Rev Collin Cowan is part of the delegation and he's been speaking to Premier Christian News about the visit.
"The transatlantic slave trade was a sin against humanity. What it has done is to destroy the relationship that God intended between and among all human beings. Therefore we are approaching the reparation question from a faith perspective. Our question is whether it is possible to repair the damage that has been done to the relationships between us. Once that is done, whether it is possible for us, then to consider financial reparation. To that end, we are meeting with the churches here to see whether we can find common ground.
"What we're doing with our church leaders here in the UK is to see how we can have a common language, a common cause, a common commitment to lobby for justice relationships, where we can live together in peace and justice. And on that basis, to begin to ask how then do we repair the psychological damage? How do we repair the social infrastructure? How do we ensure that education is better? How do we ensure that the economic landscape works better for all people? So we begin with relationships and move toward the kind of social infrastructure that would make life better for people."
During their time in the UK, the delegation is meeting representatives from various church denominations and organisations, including The Quakers, Churches Together in England, the Evangelical Alliance, the Church of England, the New Testament Church of God, and the National Church Leaders Forum.

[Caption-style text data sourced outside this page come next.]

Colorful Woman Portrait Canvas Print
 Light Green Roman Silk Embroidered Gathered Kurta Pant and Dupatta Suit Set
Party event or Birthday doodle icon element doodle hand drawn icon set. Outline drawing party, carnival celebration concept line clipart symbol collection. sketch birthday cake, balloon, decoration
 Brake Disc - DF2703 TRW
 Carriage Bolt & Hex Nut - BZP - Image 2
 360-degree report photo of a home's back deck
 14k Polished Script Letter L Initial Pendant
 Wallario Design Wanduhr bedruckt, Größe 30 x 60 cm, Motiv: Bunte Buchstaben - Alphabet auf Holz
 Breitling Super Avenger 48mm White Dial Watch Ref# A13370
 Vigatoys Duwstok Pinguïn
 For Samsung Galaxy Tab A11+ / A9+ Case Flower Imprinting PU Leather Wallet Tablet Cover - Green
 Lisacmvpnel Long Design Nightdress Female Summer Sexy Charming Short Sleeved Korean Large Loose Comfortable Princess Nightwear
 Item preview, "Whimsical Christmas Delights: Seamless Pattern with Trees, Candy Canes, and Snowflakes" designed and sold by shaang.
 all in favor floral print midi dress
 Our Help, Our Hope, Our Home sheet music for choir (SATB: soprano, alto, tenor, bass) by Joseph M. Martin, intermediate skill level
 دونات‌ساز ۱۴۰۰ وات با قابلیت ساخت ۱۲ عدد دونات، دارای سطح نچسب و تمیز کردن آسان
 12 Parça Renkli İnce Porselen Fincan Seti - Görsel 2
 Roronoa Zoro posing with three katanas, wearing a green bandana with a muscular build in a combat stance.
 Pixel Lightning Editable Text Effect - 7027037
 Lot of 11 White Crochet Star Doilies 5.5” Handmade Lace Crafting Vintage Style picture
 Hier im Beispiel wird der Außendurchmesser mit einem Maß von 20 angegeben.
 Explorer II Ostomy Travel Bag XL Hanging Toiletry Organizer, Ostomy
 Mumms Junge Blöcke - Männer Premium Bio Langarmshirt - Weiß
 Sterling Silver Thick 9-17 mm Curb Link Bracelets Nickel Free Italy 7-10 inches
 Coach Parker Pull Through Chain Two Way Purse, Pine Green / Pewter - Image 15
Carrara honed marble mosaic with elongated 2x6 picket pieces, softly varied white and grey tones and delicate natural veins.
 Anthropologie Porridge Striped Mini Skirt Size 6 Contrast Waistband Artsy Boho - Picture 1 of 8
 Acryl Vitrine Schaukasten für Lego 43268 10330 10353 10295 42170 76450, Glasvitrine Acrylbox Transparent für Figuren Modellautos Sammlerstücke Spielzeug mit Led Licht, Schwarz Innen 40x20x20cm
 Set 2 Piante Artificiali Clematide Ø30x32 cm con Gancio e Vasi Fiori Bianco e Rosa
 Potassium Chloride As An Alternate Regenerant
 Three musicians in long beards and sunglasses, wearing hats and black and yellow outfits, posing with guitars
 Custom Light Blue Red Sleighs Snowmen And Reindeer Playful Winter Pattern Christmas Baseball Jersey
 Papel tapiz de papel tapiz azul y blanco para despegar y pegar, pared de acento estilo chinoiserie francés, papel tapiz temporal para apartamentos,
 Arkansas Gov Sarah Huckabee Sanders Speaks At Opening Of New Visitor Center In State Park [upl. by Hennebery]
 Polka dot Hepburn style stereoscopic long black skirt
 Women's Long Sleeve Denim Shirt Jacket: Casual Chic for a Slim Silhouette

Rev Cowan says it's important to note that it's not just about financial reparation but about seeking to redress the emotional and psychological harm enslavement caused within black communities.
"The spiritual reparation is about acknowledging the sin that we have committed, apologising for that sin, and repenting. Literally committing ourselves to returning to what God intended human beings to be, across race, across ethnic groups, across generations so that together, we may live the full and wholesome life that God intended for us.
"Once that is done, then the financial reparation is what a lot of experts are already calculating. But we didn't want to go there, because our point is that it doesn't matter how much money you give, if you do not repair the relationships, that money would not go far."